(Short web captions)
......
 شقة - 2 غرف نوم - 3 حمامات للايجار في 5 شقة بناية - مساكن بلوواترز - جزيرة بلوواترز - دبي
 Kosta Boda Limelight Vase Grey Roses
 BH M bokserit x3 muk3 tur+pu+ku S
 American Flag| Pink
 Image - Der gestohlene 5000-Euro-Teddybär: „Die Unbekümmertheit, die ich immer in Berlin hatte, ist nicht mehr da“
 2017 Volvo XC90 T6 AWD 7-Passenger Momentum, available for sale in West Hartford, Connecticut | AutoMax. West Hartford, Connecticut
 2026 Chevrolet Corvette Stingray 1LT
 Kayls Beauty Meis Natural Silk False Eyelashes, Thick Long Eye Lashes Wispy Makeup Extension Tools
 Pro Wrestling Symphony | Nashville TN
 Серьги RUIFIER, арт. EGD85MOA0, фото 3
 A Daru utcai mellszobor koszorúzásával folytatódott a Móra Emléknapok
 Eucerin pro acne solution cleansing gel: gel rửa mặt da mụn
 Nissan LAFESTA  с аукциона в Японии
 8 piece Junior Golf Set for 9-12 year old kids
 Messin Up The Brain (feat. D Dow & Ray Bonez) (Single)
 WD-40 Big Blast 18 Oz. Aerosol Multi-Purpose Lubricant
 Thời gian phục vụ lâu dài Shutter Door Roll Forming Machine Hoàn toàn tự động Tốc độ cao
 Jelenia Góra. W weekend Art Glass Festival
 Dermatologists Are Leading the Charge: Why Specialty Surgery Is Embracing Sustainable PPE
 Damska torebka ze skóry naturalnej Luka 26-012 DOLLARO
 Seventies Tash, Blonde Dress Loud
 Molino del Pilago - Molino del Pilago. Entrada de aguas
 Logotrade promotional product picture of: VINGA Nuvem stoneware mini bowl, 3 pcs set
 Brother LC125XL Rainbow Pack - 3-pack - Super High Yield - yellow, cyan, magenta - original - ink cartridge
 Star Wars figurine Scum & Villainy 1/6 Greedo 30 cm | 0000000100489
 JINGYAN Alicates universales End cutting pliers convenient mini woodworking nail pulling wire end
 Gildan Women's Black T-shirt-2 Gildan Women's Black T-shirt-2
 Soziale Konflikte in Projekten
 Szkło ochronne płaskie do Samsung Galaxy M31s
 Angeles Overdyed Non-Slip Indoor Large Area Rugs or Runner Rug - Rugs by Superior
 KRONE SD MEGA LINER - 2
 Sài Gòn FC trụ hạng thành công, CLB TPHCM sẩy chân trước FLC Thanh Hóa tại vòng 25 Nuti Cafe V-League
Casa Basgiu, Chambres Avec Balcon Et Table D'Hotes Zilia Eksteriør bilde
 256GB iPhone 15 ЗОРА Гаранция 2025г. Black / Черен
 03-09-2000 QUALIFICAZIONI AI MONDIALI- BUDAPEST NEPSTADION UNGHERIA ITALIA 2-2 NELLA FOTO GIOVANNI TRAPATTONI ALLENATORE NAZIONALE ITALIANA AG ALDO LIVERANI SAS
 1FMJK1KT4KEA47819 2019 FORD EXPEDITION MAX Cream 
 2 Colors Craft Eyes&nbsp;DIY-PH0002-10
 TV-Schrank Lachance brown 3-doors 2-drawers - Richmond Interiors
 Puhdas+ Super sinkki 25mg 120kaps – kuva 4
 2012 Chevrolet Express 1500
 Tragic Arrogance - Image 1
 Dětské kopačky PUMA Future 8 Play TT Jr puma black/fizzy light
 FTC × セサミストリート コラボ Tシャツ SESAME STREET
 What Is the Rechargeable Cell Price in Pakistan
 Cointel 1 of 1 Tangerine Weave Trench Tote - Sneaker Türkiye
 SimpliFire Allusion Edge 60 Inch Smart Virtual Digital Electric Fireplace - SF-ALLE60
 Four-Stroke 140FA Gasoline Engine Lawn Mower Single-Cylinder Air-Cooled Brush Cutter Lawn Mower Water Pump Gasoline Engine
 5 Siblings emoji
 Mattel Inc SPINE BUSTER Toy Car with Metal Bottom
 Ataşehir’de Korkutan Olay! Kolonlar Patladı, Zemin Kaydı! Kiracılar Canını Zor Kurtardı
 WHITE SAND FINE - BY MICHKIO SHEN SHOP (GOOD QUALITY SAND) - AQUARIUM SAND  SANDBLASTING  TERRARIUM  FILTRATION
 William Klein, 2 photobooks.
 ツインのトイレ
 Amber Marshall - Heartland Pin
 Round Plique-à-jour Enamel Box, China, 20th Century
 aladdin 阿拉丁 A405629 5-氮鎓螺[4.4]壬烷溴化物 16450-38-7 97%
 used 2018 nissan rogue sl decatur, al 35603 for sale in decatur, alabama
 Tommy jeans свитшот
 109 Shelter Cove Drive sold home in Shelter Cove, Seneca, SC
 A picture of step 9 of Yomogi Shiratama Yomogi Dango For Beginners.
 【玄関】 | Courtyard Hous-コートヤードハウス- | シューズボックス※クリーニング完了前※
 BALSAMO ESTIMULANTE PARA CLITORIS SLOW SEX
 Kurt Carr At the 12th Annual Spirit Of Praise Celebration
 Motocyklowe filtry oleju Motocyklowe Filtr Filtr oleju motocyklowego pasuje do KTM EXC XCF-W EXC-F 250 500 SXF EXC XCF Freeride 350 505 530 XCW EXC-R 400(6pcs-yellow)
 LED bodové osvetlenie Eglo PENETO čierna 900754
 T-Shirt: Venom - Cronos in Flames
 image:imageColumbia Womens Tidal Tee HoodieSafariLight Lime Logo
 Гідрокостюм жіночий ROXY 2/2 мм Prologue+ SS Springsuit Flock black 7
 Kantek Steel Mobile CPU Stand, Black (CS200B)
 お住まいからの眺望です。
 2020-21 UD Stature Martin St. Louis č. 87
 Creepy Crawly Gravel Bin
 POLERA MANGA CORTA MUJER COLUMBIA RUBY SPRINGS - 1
......
Task statement: One stretch of the lines above is wanted, from the line that contains "2 Colors Craft Eyes&nbsp;DIY-PH0002-10" through the line that contains "Four-Stroke 140FA Gasoline". Output it exactly.

Task solution:
 2 Colors Craft Eyes&nbsp;DIY-PH0002-10
 TV-Schrank Lachance brown 3-doors 2-drawers - Richmond Interiors
 Puhdas+ Super sinkki 25mg 120kaps – kuva 4
 2012 Chevrolet Express 1500
 Tragic Arrogance - Image 1
 Dětské kopačky PUMA Future 8 Play TT Jr puma black/fizzy light
 FTC × セサミストリート コラボ Tシャツ SESAME STREET
 What Is the Rechargeable Cell Price in Pakistan
 Cointel 1 of 1 Tangerine Weave Trench Tote - Sneaker Türkiye
 SimpliFire Allusion Edge 60 Inch Smart Virtual Digital Electric Fireplace - SF-ALLE60
 Four-Stroke 140FA Gasoline Engine Lawn Mower Single-Cylinder Air-Cooled Brush Cutter Lawn Mower Water Pump Gasoline Engine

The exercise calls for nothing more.